Remembering accidents
However, the reduced rate of increase points to risks. For example, if a recession leads policyholders to cash out, Legal & General could see profits drop.
That’s the kind of risk (and every stock has some) that explains why I always keep my portfolio diversified among different stocks.
That 9.5% is an unusually high yield and above the average for Legal & General’s FTSE 100 peers. But if I pick the right stocks I think I can average, say, 6% while sticking to proven blue-chip companies.

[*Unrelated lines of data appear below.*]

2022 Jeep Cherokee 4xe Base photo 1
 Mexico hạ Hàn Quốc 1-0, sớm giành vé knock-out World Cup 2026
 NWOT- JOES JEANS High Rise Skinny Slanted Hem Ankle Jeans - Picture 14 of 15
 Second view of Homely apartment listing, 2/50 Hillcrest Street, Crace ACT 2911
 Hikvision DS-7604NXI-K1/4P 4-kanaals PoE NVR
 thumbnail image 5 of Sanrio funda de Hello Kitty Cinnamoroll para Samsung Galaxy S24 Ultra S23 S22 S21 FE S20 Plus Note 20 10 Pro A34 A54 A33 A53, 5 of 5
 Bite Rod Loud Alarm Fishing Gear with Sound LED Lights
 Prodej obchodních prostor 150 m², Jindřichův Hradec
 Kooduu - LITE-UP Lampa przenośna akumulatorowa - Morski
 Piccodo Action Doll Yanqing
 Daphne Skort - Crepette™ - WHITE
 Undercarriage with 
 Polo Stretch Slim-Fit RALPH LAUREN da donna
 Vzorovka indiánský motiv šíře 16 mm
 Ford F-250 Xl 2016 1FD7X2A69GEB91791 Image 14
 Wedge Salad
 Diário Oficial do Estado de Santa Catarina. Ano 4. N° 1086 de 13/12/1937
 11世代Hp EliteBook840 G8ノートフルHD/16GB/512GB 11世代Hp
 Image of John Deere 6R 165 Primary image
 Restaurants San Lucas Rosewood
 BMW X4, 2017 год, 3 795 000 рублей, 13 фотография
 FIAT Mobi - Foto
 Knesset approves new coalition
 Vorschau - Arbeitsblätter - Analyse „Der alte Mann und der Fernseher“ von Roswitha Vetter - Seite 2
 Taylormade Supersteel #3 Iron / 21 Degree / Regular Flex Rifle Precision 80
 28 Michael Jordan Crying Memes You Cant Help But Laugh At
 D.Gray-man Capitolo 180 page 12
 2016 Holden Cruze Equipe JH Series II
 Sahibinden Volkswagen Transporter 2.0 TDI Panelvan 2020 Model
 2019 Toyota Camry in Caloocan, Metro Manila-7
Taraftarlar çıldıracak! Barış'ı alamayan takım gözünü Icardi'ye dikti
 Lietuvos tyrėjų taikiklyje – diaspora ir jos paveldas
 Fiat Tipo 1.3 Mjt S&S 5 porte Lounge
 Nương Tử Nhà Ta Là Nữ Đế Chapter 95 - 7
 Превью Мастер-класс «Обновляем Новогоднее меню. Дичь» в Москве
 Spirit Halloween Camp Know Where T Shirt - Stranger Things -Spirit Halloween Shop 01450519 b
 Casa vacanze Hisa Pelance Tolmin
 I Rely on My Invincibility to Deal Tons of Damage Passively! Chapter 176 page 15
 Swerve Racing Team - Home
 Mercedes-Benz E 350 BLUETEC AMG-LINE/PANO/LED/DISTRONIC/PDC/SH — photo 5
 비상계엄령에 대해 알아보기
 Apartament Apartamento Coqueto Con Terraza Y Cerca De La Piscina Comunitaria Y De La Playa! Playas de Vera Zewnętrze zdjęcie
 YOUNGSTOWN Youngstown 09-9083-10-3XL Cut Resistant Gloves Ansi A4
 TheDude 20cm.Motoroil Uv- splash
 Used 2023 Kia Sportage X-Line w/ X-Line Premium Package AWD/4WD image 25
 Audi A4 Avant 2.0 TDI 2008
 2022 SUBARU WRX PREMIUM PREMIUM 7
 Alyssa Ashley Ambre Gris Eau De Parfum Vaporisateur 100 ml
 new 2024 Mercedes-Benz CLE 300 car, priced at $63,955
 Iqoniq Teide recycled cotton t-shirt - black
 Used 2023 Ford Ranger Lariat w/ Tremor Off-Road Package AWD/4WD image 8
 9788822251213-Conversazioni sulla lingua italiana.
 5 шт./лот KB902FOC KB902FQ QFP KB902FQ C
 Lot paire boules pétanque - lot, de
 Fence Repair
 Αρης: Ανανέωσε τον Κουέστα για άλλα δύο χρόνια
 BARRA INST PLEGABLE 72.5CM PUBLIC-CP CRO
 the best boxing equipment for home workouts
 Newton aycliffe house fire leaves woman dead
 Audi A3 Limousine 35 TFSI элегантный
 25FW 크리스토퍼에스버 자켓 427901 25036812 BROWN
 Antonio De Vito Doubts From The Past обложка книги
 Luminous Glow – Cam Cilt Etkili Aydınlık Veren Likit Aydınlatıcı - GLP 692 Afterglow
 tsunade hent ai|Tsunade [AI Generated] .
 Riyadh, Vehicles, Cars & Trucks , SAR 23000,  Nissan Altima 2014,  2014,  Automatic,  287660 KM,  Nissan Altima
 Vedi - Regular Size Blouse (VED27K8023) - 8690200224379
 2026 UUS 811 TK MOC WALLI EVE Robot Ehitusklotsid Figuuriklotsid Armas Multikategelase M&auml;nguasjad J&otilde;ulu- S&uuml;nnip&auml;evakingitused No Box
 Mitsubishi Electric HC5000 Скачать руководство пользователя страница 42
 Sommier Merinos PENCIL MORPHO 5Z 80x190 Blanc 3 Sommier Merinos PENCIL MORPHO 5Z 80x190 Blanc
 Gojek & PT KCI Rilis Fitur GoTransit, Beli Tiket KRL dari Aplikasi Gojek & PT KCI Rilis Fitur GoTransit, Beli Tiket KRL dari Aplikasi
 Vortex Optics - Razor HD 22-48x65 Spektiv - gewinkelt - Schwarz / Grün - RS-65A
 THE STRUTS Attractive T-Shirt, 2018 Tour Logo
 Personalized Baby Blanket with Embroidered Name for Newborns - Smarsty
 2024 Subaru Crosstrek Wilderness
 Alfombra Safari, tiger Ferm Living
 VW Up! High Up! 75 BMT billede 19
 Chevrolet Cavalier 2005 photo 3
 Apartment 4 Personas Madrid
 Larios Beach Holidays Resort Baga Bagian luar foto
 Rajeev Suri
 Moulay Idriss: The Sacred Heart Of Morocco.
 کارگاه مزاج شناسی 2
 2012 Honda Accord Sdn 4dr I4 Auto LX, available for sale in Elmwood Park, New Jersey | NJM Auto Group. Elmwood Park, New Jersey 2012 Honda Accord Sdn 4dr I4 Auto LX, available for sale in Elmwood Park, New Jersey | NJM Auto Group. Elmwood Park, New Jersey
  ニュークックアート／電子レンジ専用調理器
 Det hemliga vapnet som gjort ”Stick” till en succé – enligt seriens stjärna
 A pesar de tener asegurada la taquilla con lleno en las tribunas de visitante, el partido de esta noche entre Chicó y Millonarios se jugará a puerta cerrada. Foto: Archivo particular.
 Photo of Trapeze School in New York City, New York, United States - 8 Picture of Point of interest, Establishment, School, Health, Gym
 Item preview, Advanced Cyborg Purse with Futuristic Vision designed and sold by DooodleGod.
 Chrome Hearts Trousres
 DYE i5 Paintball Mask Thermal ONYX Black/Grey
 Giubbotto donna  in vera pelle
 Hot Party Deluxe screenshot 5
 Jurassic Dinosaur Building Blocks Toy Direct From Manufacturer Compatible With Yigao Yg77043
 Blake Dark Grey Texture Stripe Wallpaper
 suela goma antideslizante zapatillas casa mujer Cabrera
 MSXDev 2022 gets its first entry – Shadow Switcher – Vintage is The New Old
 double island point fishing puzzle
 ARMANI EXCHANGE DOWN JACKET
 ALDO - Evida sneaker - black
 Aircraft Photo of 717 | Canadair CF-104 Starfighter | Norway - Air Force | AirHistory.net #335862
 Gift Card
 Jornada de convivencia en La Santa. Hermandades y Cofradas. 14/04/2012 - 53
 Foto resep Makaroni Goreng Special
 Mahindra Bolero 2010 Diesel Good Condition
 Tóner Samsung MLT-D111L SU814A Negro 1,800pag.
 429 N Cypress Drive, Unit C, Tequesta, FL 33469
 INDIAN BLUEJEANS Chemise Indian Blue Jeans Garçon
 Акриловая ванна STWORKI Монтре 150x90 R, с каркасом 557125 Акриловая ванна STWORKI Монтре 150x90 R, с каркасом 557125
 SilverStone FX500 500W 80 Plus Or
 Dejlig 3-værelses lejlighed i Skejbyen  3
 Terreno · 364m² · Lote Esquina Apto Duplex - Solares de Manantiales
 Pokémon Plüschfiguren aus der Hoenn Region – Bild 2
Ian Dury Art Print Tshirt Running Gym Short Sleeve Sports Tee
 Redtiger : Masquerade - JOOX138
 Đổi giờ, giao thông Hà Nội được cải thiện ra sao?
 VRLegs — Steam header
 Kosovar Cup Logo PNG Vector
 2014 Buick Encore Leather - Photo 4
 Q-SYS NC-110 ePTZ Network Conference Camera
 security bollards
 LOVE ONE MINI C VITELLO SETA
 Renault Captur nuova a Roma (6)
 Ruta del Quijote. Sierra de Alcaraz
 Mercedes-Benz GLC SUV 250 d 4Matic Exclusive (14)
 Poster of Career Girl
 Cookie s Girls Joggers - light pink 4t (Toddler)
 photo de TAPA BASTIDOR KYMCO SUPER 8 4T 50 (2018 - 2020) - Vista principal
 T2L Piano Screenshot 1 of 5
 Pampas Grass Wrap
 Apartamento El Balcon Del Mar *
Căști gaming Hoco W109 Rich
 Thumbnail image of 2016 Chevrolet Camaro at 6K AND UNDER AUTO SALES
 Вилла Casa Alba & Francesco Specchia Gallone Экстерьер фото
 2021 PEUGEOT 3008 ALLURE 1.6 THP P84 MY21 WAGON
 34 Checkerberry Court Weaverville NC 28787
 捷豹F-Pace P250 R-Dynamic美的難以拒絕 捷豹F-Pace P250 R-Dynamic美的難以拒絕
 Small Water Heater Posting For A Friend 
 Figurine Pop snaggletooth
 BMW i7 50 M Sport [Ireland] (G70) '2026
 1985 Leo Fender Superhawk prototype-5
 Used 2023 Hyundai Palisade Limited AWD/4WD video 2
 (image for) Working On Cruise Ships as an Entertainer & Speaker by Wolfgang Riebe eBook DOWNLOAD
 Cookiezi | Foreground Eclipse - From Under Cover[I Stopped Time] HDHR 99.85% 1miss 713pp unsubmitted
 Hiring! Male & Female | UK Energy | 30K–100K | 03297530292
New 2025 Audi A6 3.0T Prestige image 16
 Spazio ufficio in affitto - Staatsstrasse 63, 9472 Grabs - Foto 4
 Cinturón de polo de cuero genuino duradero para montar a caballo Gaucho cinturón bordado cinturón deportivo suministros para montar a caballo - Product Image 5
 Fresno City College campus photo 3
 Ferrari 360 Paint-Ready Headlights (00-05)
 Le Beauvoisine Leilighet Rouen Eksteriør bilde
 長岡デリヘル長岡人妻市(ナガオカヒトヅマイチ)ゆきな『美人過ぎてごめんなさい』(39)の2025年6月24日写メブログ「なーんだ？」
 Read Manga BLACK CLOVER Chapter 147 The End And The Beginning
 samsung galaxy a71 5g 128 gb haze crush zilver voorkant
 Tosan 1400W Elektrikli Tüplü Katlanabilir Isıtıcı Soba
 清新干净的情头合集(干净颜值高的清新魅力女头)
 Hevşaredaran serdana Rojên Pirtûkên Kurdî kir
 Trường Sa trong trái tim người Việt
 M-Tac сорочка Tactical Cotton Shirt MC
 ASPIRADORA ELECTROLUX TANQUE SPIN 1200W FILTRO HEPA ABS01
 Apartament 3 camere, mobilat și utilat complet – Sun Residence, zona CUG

If I did that, my initial investment of £2,400 should earn me an annual income of £144. But I can build on that by maintaining my £200 monthly investment habit and reinvesting my earnings. That simple but financially powerful move is known as consolidation.
By putting aside £200 a month and compounding at 6% per annum, after ten years I will have a portfolio worth over £32,000. At an average yield of 6% I should get an income of £1,950 a year, or about £163 a month.